Igor, I am not sure I understand. We have an initial value problem, so today’s observations are determined once you specify an initial state at some time in the distant past. If you specify the time to be the beginning of the big bang evolution, with the correct but very contrived initial state (nearly homogeneous with just the right kind of fluctuations) then you get no conflict with observation. By contruction, same applies to inflation, because it reproduces that initial state and all subsequent evolution. The only point of inflation is to make that initial state the outcome of prior evolution. By construction all current observations will then be identical, but the initial state will be more natural and less contrived. As I understand Sean’s statement, quantifying this intuitive notion of naturalness is tricky, and it is not always clear inflation indeed comes ahead. I hope I am not mangling things…

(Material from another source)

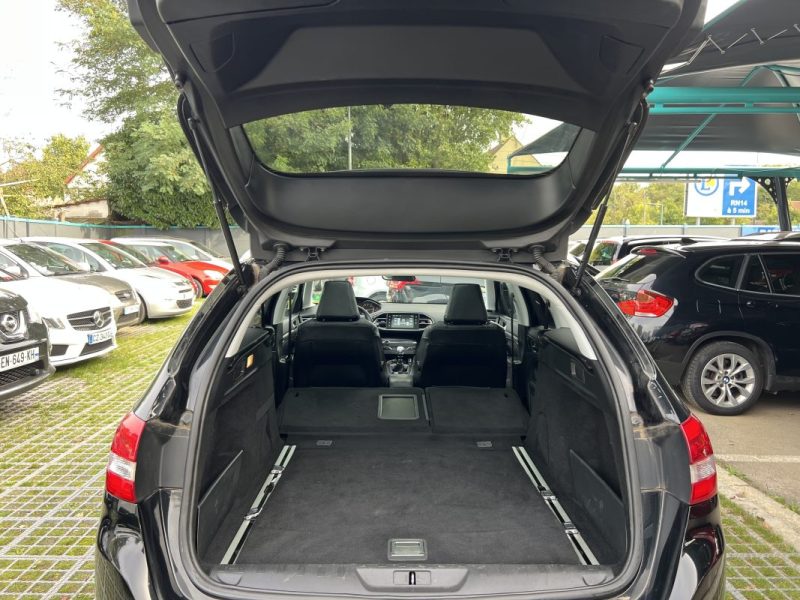 PEUGEOT 308 SW / BREAK FELINE 1.6 E HDI 115 Cv TOIT PANORAMIQUE GPS CRIT AIR 2 - GARANTIE 1 AN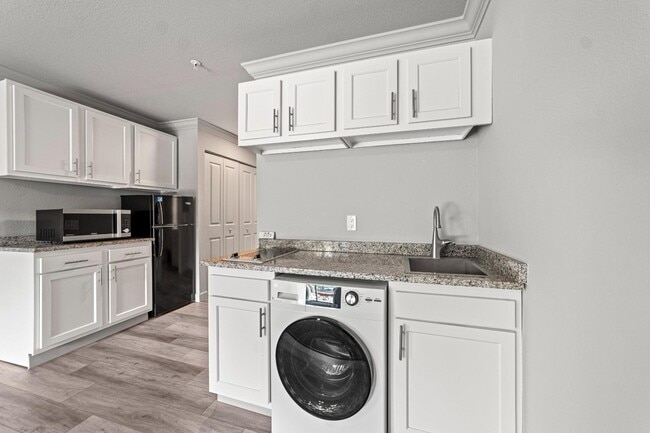 Building Photo - 8050 Baymeadows Cir W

And, for the record, in my mind the notion of “naturalness” is one instance of “algorithmic compression”, which is the whole point of seeking a scientific explanation. Without invoking such criteria, by definition (for example) the particle data group review book would be always the best “theory” of particle physics, and you’d never need to learn about gauge theories and spontaneous symmetry breaking and all that stuff.
Basically, having too many particles is just as bad as having too few particles. From my reading it appears that supersymmetry requires going to a non-alternative algebra. That in itself might be a signal that one has too many particles, but I have not seen an argument one way or another about whether this is a criterion to determine what can exist. One might consider that if Nature is non-alternative then Ordinary Arithmetic would likely require another rule beyond being commutative and associative. Such notions do have consequences because of the intimate connection of algebra and ordinary arithmetic. One might expect that mathematicians would have detected a need for such a rule if it is pervasive in Nature, as it would have to be if supersymmetry prevails. It is a shame that we do not have an Algebraic Theory of the Structure of Matter so we could just look up whether Inflatons are there or not.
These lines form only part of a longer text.